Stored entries
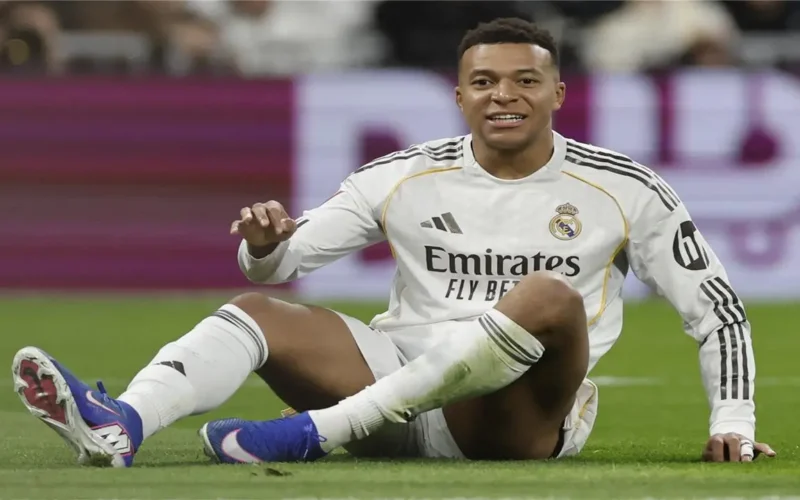 شكوك تحيط بكيليان مبابي قبل انطلاق السوبر الإسباني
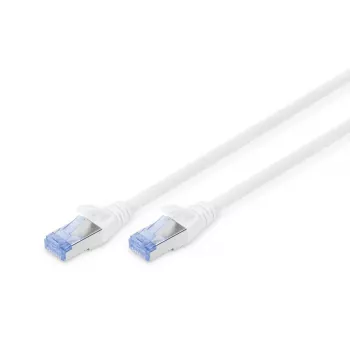 Cabo de patch DIGITUS - Cat 5e - SF/UTP - Snagless - Cu - 1m - cinzento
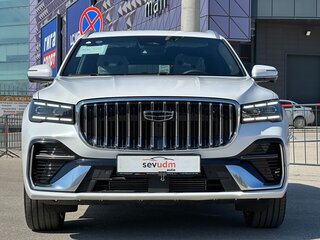 2026 Geely Monjaro (Xingyue L) I Рестайлинг 2 (China Market), белый, 4697000 рублей, вид 5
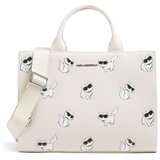 Karl Lagerfeld Ročne torbice B3w50064 Ikon Bela Cene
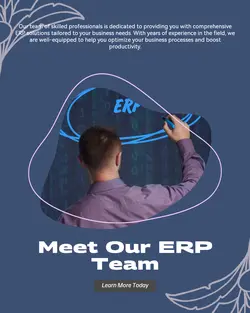 Internet Team introduction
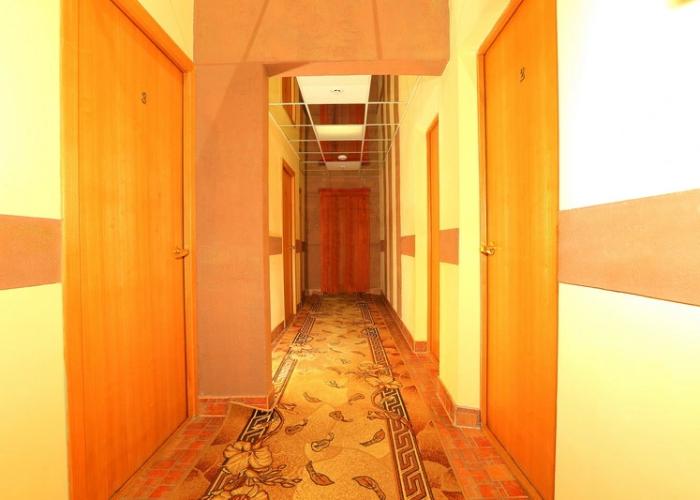 Avrora Living quarters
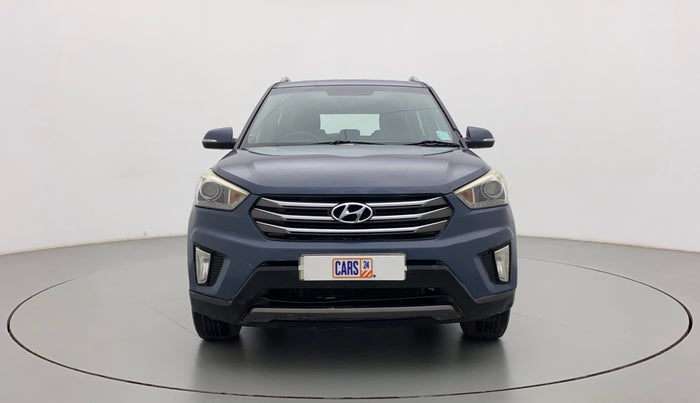 2016 Hyundai Creta SX PLUS AT 1.6 PETROL, Petrol, Automatic, 88,988 km, Highlights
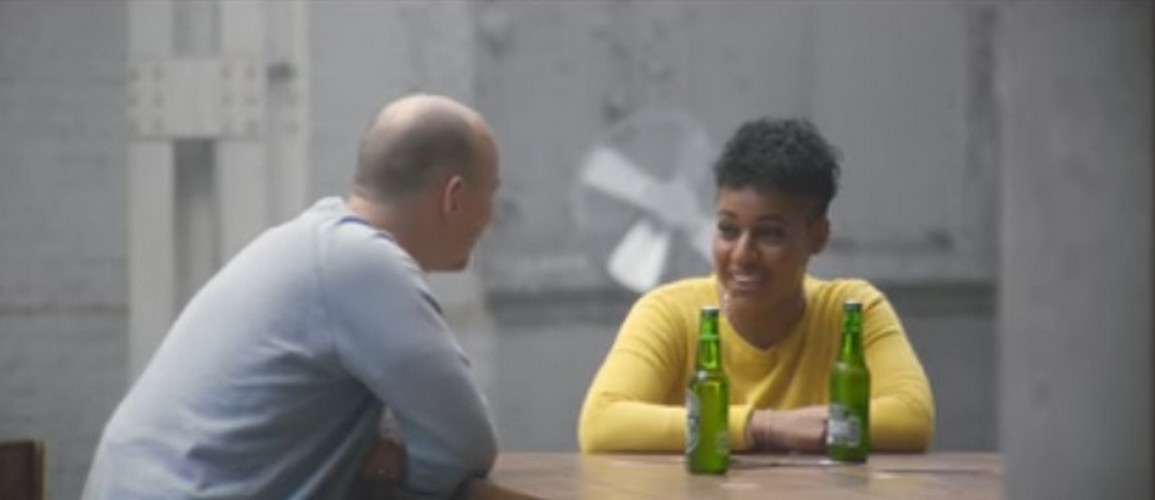 Experimento social da Heineken reúne pessoas com diferentes visões de mundo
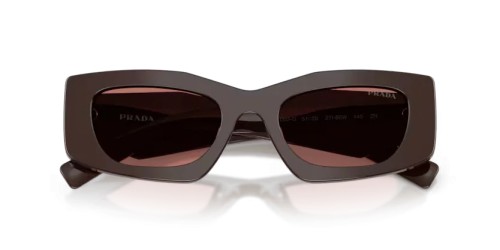 PRADA PR D03SD - 27I80W - 51 Napszemüvegek Cigar Téglalap
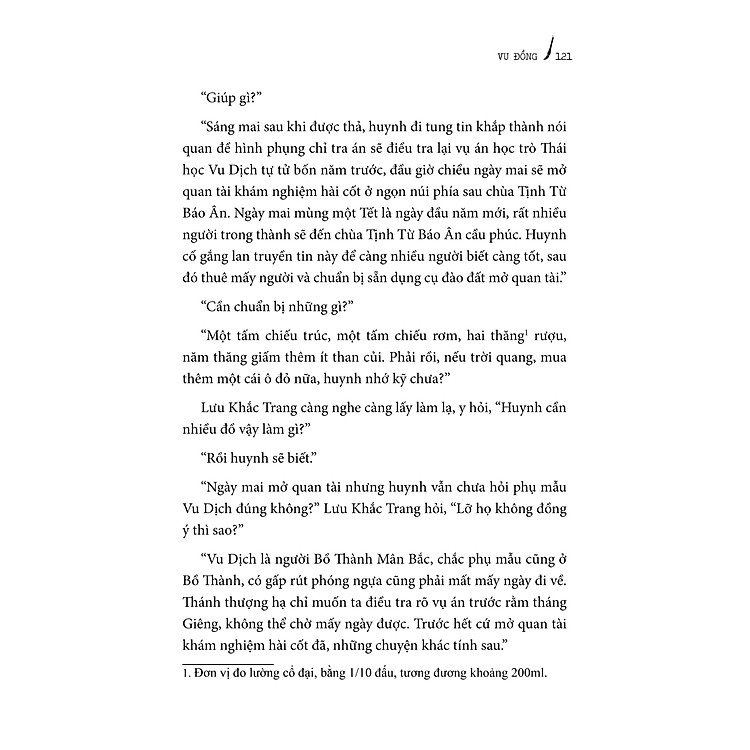 Tống Từ Tẩy Oan - Tập 1 - Ảnh 7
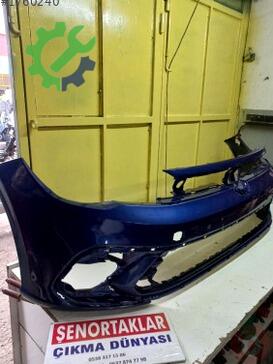 Volkswagen Polo Ön Tampon 2G0807221K çıkma parça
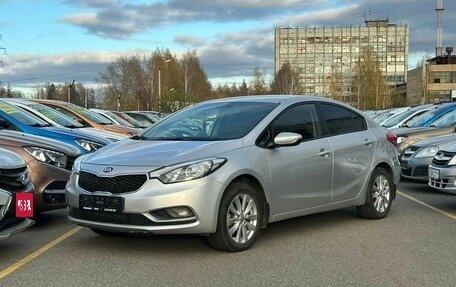 KIA Cerato III, 2013 год, 950 000 рублей, 1 фотография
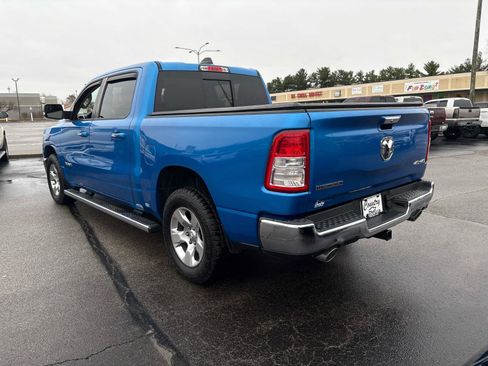 Used 2020 RAM 1500 Big Horn image 3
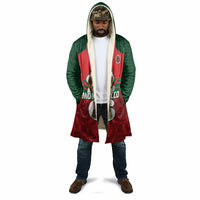 Personalized Morocco Football Cloak 2026 Come On Atlas Lions - Wonder Print Shop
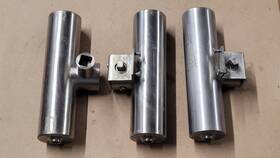 Va-0-2 Metolift Va-02 Lot Of 3 Valve Actuators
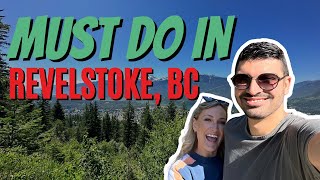 Revelstoke  Day Trip from Salmon Arm  Things to do [upl. by French]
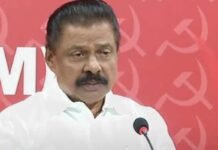 “ജി സുധാകരൻ കൂടുതല് ശ്രദ്ധിക്കണമായിരുന്നു”;എം.വി. ഗോവിന്ദൻ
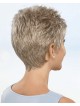 Chic Comfortable Pixie Wig With Richly Textured Piecey Layers
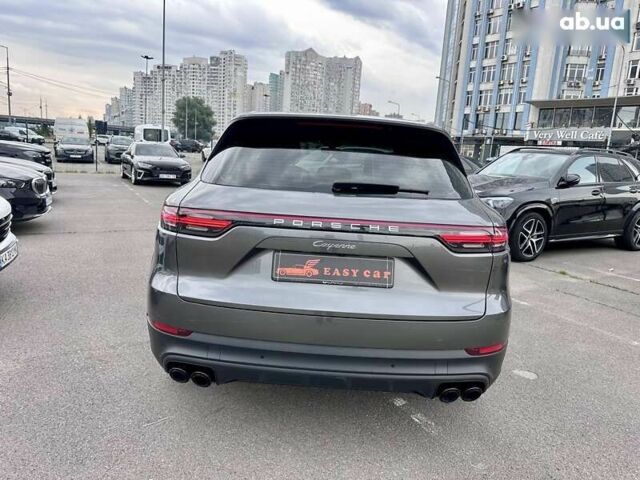 Порше Каен, объемом двигателя 3 л и пробегом 82 тыс. км за 58700 $, фото 3 на Automoto.ua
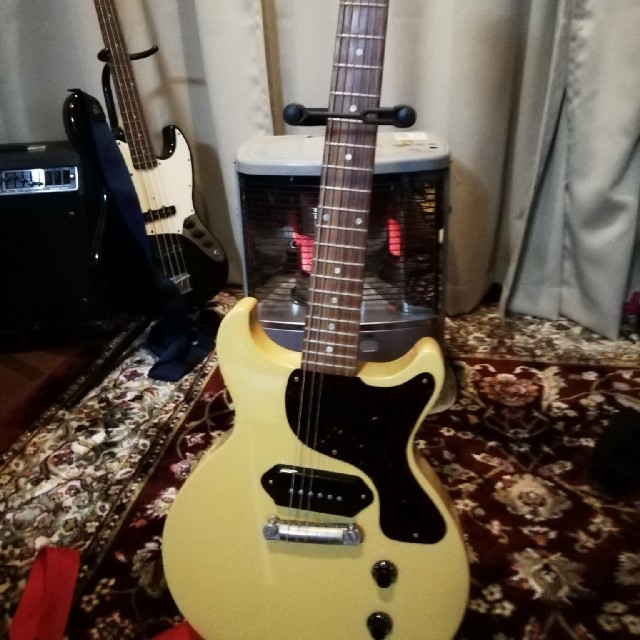 Gibson(ギブソン)のギブソンレスポールJr. 楽器のギター(エレキギター)の商品写真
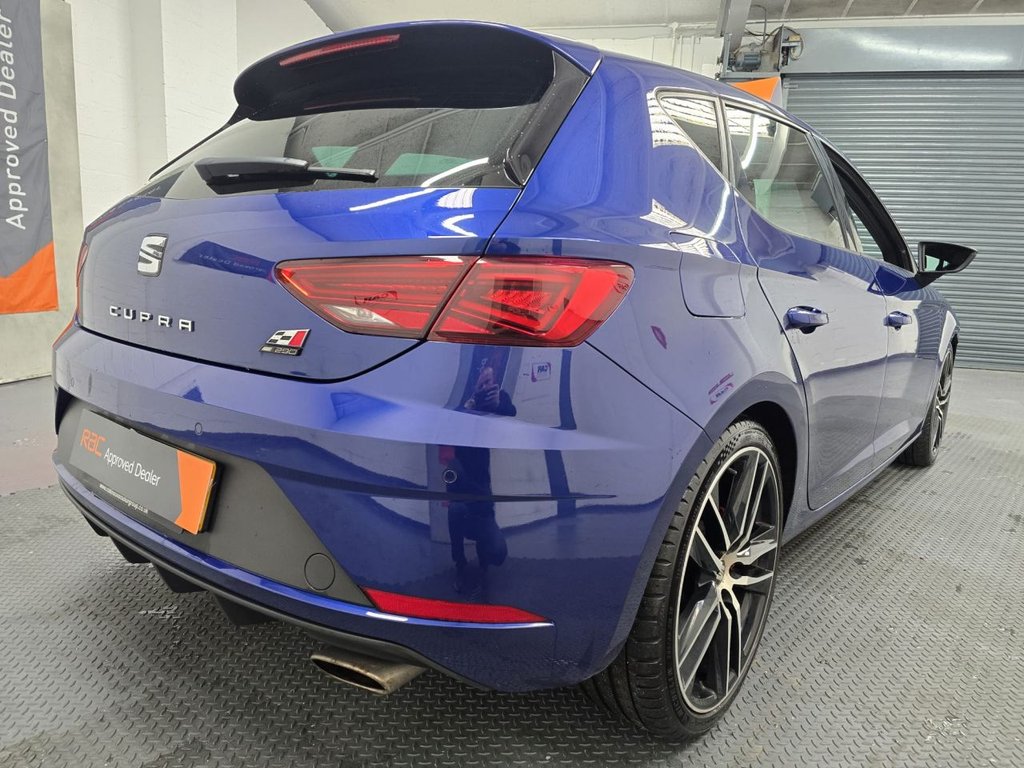 Used SEAT Leon 2018 for sale - 77703919: Photo 6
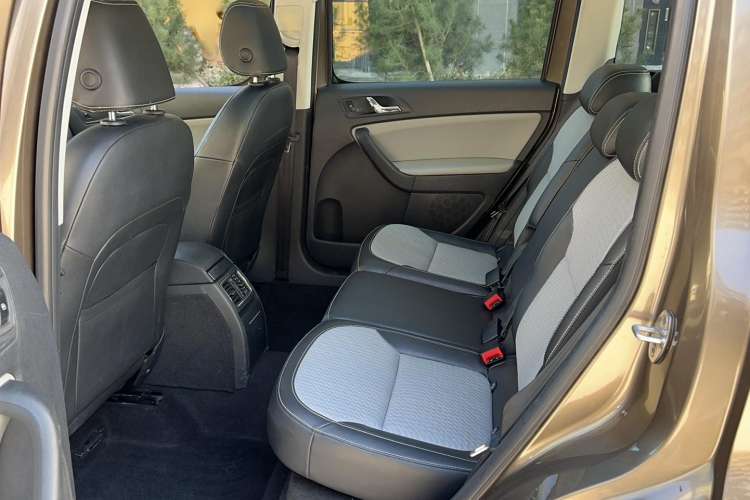 Used Skoda Yeti 2016 1.4TSI Manual Entry-Level Model
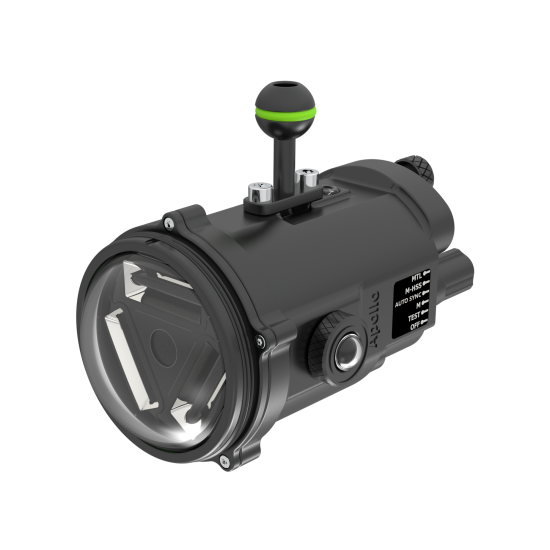 Marelux Apollo III 2.0 闪光灯 (专利设计) Marelux Apollo III 2.0 闪光灯 (专利设计)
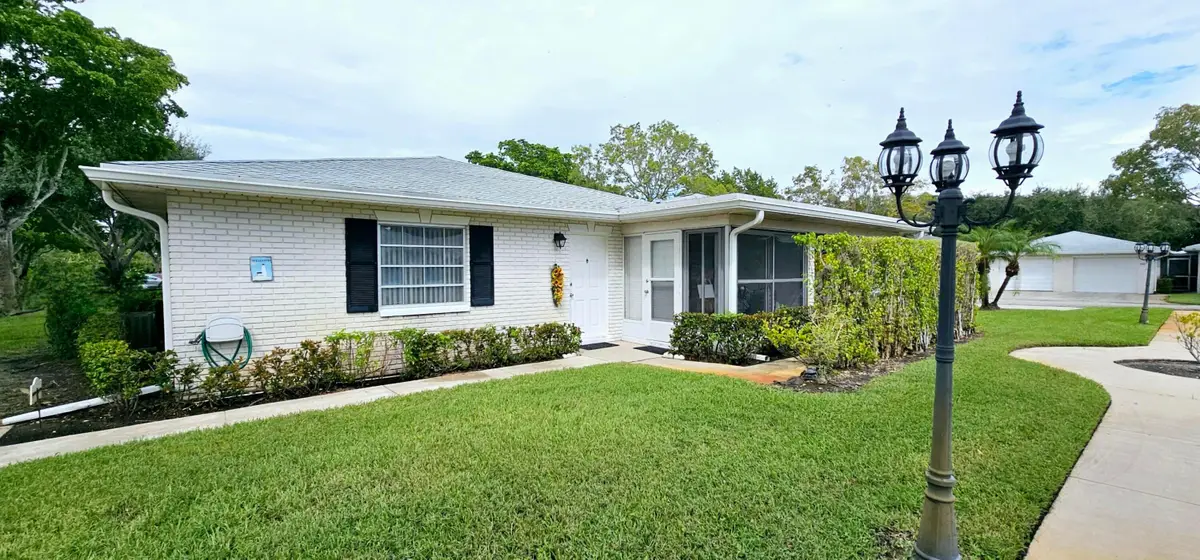 10126 S 44th Terrace S, Boynton Beach, FL 33436 - #1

[EXERCISE DESCRIPTION]
Within the entries above, give again exactly the lines starting at the one that contains "Experimento social da" and ending at the one that contains "Marelux Apollo III 2.0 闪光灯 (专利设计) Marelux", leaving out the pictures.

[RESULT OF THIS TASK]
 Experimento social da Heineken reúne pessoas com diferentes visões de mundo
 PRADA PR D03SD - 27I80W - 51 Napszemüvegek Cigar Téglalap
 Tống Từ Tẩy Oan - Tập 1 - Ảnh 7
 Volkswagen Polo Ön Tampon 2G0807221K çıkma parça
 KIA Cerato III, 2013 год, 950 000 рублей, 1 фотография
 Used 2020 RAM 1500 Big Horn image 3
 Personalized Morocco Football Cloak 2026 Come On Atlas Lions - Wonder Print Shop
 Va-0-2 Metolift Va-02 Lot Of 3 Valve Actuators
 Revelstoke  Day Trip from Salmon Arm  Things to do [upl. by French]
 “ജി സുധാകരൻ കൂടുതല് ശ്രദ്ധിക്കണമായിരുന്നു”;എം.വി. ഗോവിന്ദൻ
 Chic Comfortable Pixie Wig With Richly Textured Piecey Layers
 Порше Каен, объемом двигателя 3 л и пробегом 82 тыс. км за 58700 $, фото 3 на Automoto.ua
 Gibson(ギブソン)のギブソンレスポールJr. 楽器のギター(エレキギター)の商品写真
 Used SEAT Leon 2018 for sale - 77703919: Photo 6
 Used Skoda Yeti 2016 1.4TSI Manual Entry-Level Model
 Marelux Apollo III 2.0 闪光灯 (专利设计) Marelux Apollo III 2.0 闪光灯 (专利设计)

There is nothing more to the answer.